Wer mich ein wenig kennt, ahnt es vermutlich. Tote Häuser ziehen mich magisch an. Erkunden, suchen, stöbern...

Wir streifen durch die Wälder und be-suchen die weitherum verstreuten Anlagen. Frau G. verbirgt geschickt ihre Begeisterung für solche Expeditionen. Ich frage sie: «Gefällts dir?». Sie sagt: «mhm-m»; und schaut mich mitleidvoll an...

Wir übernachten neben einem alte Wachturm, direkt am Meer. Das Wetter hier im Norden ist sehr wechselhaft. Jede Stunde ein anderes. Was noch dazu kommt; es ist fast immer hell. Jedenfalls nie richtig dunkel. Sonnenuntergang ist etwa abends nach zehn.Und um vier morgens sonnte es schon wieder. Nicht unpraktisch.

13. Juni 2012

Baltikum: Narva ist schön hässlich

Schon mehrmals hat man uns gesagt; hier im Baltikum sehe es überall gleich aus. Das stimmt natürlich überhaupt nicht. Wobei - die Landschaft ist schon eher überschaubar. Viele Wälder, viele Felder und ganz wenig Leute.

Der Peipsi See ist gross wie ein Meer. Am anderen Ufer drüben ist Russland. Und am hiesigen Ufer wohnen fast ausschliesslich russischstämmige Esten.

Das Frauenkloster von Kuremäe liegt ganz malerisch auf der einzigen Hügelkuppe weit und breit. Die die russisch-orthodoxe Kirche steht mitten in einem Garten. Darum herum die übrigen Klostergebäude. Bäume, Blumen, Nonnen.

Narva liegt direkt an der Grenze zu Russland. Der Fluss Narva trennt die Stadt vom russischen Iwangorod gegenüber und eine einzige Brücke verbindet die beiden Länder. Allerdings brauchen alle ein Visum und müssen durch strenge Kontrollen.

Links ist die Hermanns Festung in Estland, rechts die Festung Iwangorod in Russland. Russland ist keine zweihundert Meter entfernt, aber für uns unerreichbar.

Irgendwo habe ich gelesen, Narva sei die hässlichste Stadt der EU. Ich kenne hässlichere - aber auch schönere! 

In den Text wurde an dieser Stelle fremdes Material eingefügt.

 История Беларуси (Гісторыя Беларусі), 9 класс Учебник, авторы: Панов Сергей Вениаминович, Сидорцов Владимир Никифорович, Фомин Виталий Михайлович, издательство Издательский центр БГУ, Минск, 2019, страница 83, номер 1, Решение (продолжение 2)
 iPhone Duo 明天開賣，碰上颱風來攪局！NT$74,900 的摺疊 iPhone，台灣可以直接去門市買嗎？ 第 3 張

Wir haben/hatten einen wunderschönen Übernachtungsplatz mit Blick auf den Fluss und so. Und dann kamen in der Abenddämmerung, und die ist hier im Norden spät, ein Rudel autovernarrten Jungmänner und übten im Kreis fahren. Wir zügelten drum in ein Wohnquartier. Ohne schönen Ausblick, aber ruhig.